3. « Pour nous stimuler dans la charité et les
œuvres bonnes » : marcher ensemble dans la sainteté. Cette expression de la Lettre
aux Hébreux (10, 24), nous pousse à considérer l’appel universel à la sainteté, le
cheminement constant dans la vie spirituelle à aspirer aux charismes les plus grands
et à une charité toujours plus élevée et plus féconde (cf. 1 Co 12, 31-13, 13). L’attention
réciproque a pour but de nous encourager mutuellement à un amour effectif toujours
plus grand, « comme la lumière de l'aube, dont l'éclat grandit jusqu'au plein jour
» (Pr 4, 18), dans l’attente de vivre le jour sans fin en Dieu. Le temps qui nous
est accordé durant notre vie est précieux pour découvrir et accomplir les œuvres de
bien, dans l’amour de Dieu.

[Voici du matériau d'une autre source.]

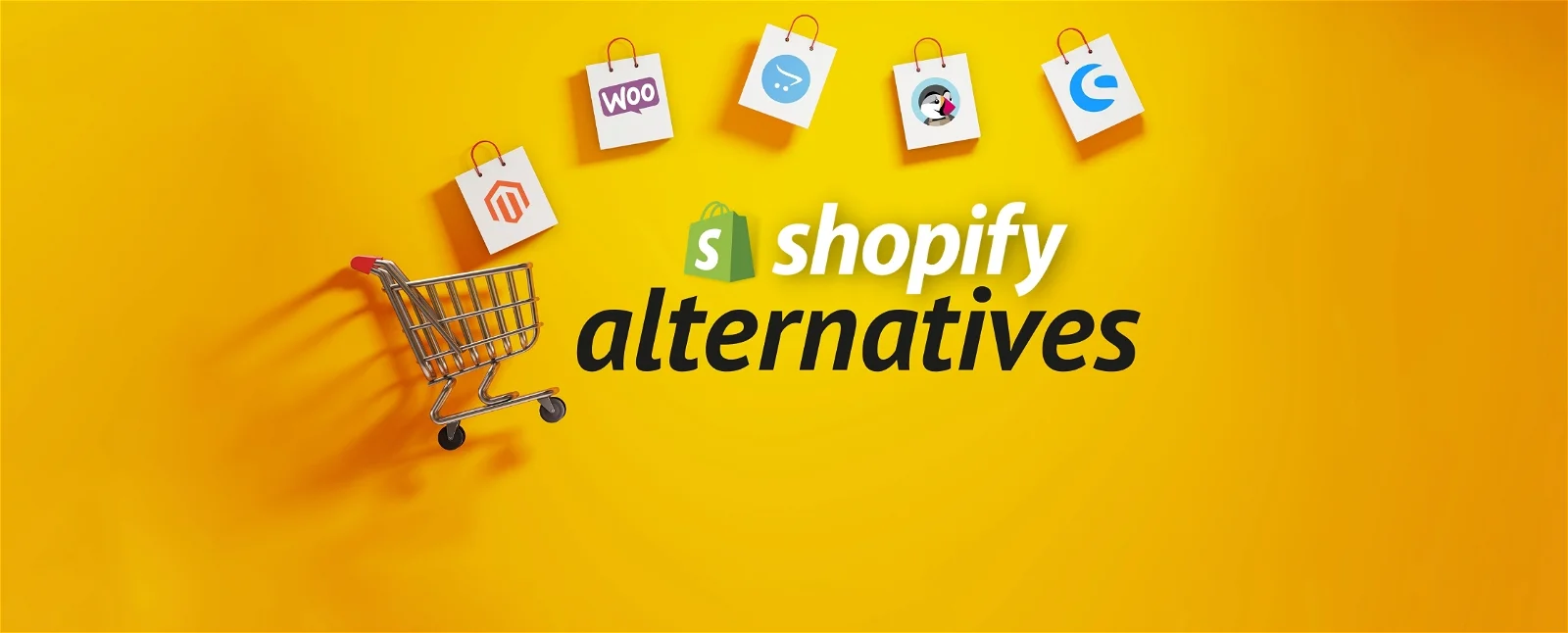 All-in-One E-Commerce Hub and Smarter Shopify Alternative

De cette manière, l’Église elle-même grandit et se développe
pour parvenir à la pleine maturité du Christ (cf. Ep 4, 13). C’est dans cette perspective
dynamique de croissance que se situe notre exhortation à nous stimuler réciproquement
pour parvenir à la plénitude de l’amour et des œuvres bonnes. Malheureusement,
la tentation de la tiédeur, de l’asphyxie de l’Esprit, du refus d’« exploiter les
talents » qui nous sont donnés pour notre bien et celui des autres (cf. Mt 25, 25s)
demeure. Nous avons tous reçu des richesses spirituelles ou matérielles utiles à l’accomplissement
du plan divin, pour le bien de l’Église et pour notre salut personnel (cf. Lc 12,
21b ; 1 Tm 6, 18). Les maîtres spirituels rappellent que dans la vie de la foi celui
qui n’avance pas recule. Chers frères et sœurs, accueillons l’invitation toujours
actuelle à tendre au « haut degré de la vie chrétienne » (JEAN-PAUL II, Lett. ap.

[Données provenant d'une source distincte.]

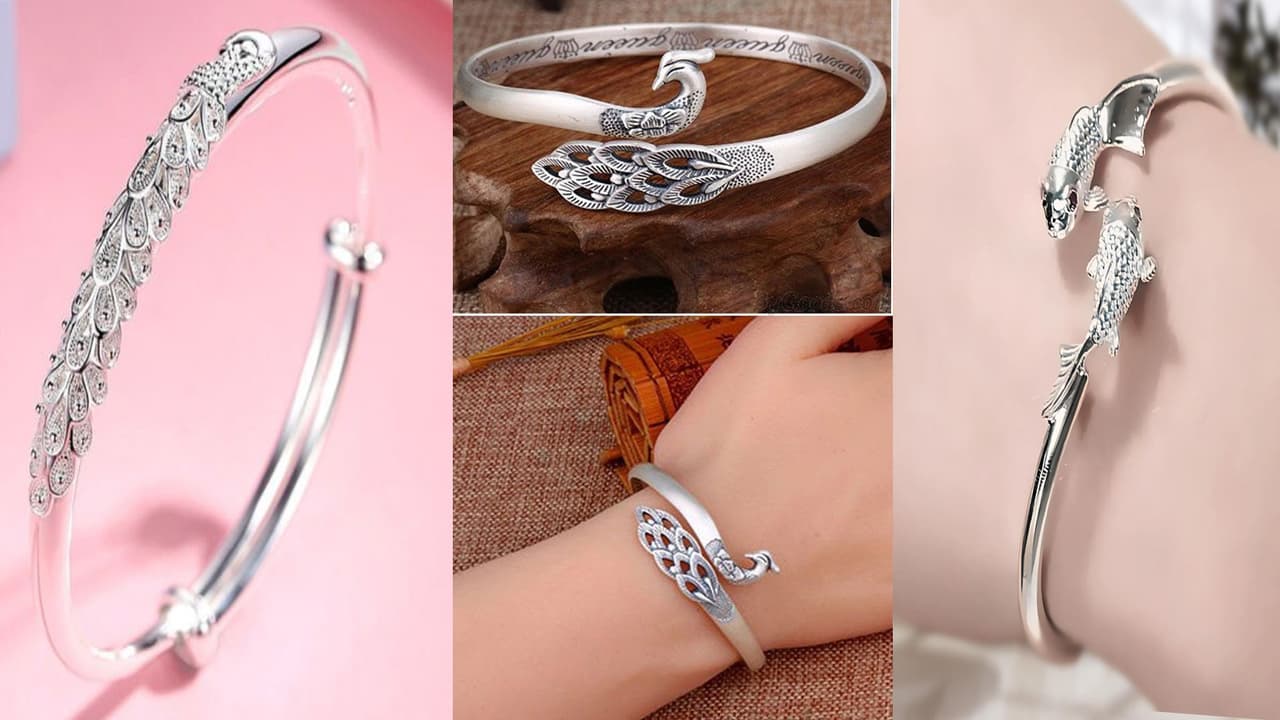 Silver Bracelet designs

Novo millennio ineunte [6 janvier 2001], n. 31). En reconnaissant et en proclamant
la béatitude et la sainteté de quelques chrétiens exemplaires, la sagesse de l’Église
a aussi pour but de susciter le désir d’en imiter les vertus. Saint Paul exhorte :
« Rivalisez d’estime réciproque » (Rm 12, 10). Face à un monde qui exige des chrétiens
un témoignage renouvelé d’amour et de fidélité au Seigneur, tous sentent l’urgence
de tout faire pour rivaliser dans la charité, dans le service et dans les œuvres bonnes
(cf. He 6, 10). Ce rappel est particulièrement fort durant le saint temps de préparation
à Pâques. Vous souhaitant un saint et fécond Carême, je vous confie à l’intercession
de la Bienheureuse Vierge Marie et, de grand cœur, j’accorde à tous la Bénédiction
apostolique. Du Vatican, le 3 novembre 2011.